I am often asked why I shoot my photographs in RAW format. RAW capture refers to the direct transfer of the information acquired by the sensor of a digital camera to the memory card without any in-camera processing. In the 18-megapixel Canon EOS 7D, this translates into files of 25MB, compared to the 6MB of a high-resolution JPG-compressed file. Why would one like to shoot RAW files? The RAW format contains all the information captured by the sensor and is therefore most amenable to corrections of exposure, saturation, chromatic aberrations and noise during post-processing. Compressed JPG files contain a reduced amount of information and so are much more limited to adjust during post-processing. Why would someone want to adjust a photograph? Shown below are three examples taken during a recent trip to the Otavalo valley in Northern Ecuador. In all cases, the top image is straight-out-of-camera, while the lower image is after conversion in Adobe CS4 Camera Raw (no Photoshop in any of these examples!).


With the early afternoon sun blazing over these beautiful mountains at the feet of the Imbabura and a very bright sky, the top image straight-out-of-camera is flat and lacks clarity and contrast. The sky is overexposed, detail in the clouds is lost, the different tones of greens in the foregorund do not come out as they looked in reality. There is also uneven exposure across the frame. In the second image, all this is corrected. This picture has vibrant colors, even exposure in foreground and background and detail in the clouds. Comparison of the histograms before (left) and after (right) also reveals these differences:

The highlights are clipped (outside of range) in the first histogram but tamed in the second, which also has a more even distribution of tones.

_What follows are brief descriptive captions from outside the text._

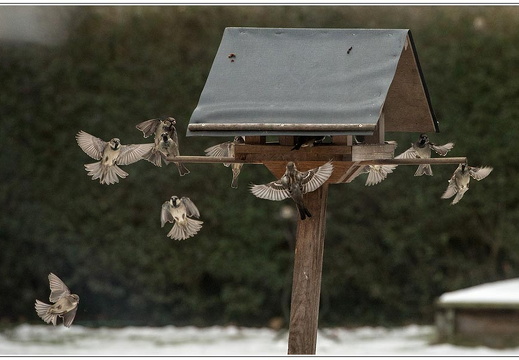 bild des monats 2017 02 eklar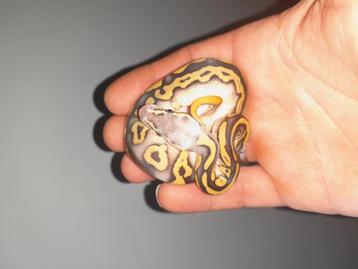1.0 Leopard blackpastel 100% het.pied beschikbaar voor biedingen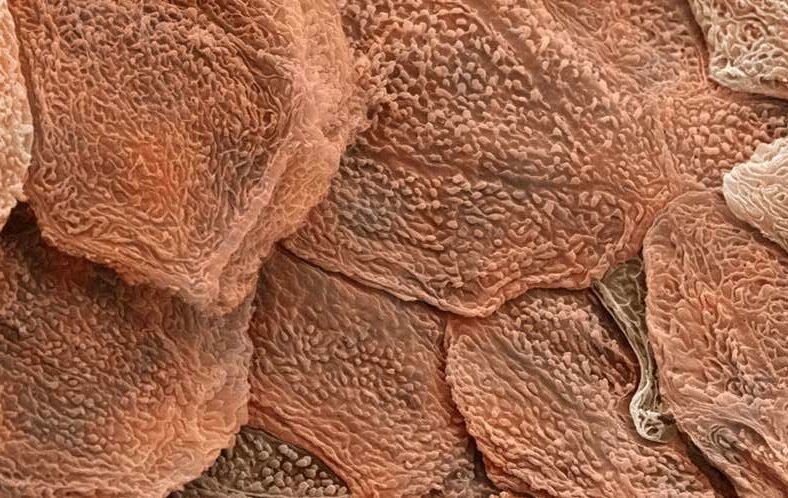 кожа внутри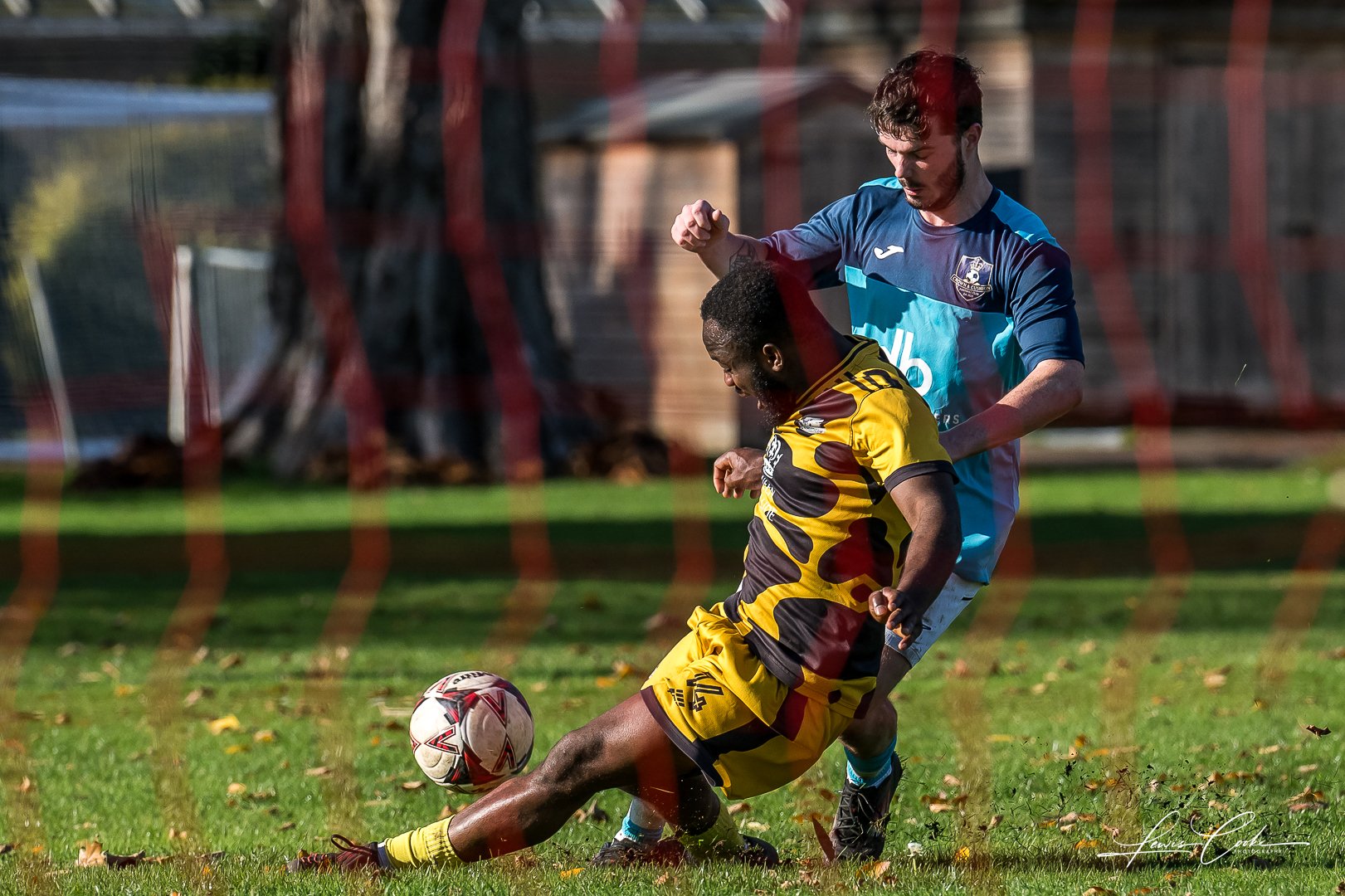  069 DSC_8359-2 251102.jpg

This awesome wide-angle view of the flooded crater of Cuicocha was taken at the wide end of a 10-22mm EF-S lens aided with a circular polarizer B+W filter. The filter did a good job at taming reflections on the lake, giving a deep beautiful blue color to the water. But the top image lacks pop, the clouds are overexposed, and the greens in the foreground are wahsed out. The lower image shows the lake in all its glory, even under such an intense midday sun. A comparison of the histograms before (left) and after (right) tells the story:

Highlights are now better resolved (although some clipping persists) and the tones show a much nicer dynamic range.

This last image was taken at the Cascada del Peguche, a small but very beautiful waterfall near Otavalo. (But… you ought to watch out for those tiny mosquitoes; they are truly deadly!) Here, some small rapids downstream the river called for a long exposure to show off the flowing water. The photograph was taken handheld with a Canon EOS 7D and the100mm 2.8 IS L macro lens at 1/5 second and f/25 (barely open!). At 1/5 sec exposure, image stabilization came really in handy here! The shadows on the left image have no detail, it can barely be made up what’s below those stones on the upper left and bottom right. Neither the grass or the water shine as they should (and did!). On the right, the water is pure silk and the shadows have detail and pop. Much better contrast as well. OBS! no polarizer was used here. (I still need to get a 67mm polarizer for this new lens.) The compressed shadows of the original show very clearly in the left histogram:

All those clipped dark pixels (left) are now back and resolved very nicely (right).

Why capturing RAW? The conversions shown here would have been much more difficult to obtain from in-camera JPG files. On the other hand, the disadvantages are larger files, hence the requirement of bigger memory cards and disk space, and post-processing time at the computer. As the examples above illustrate, the results are well worth the extra effort.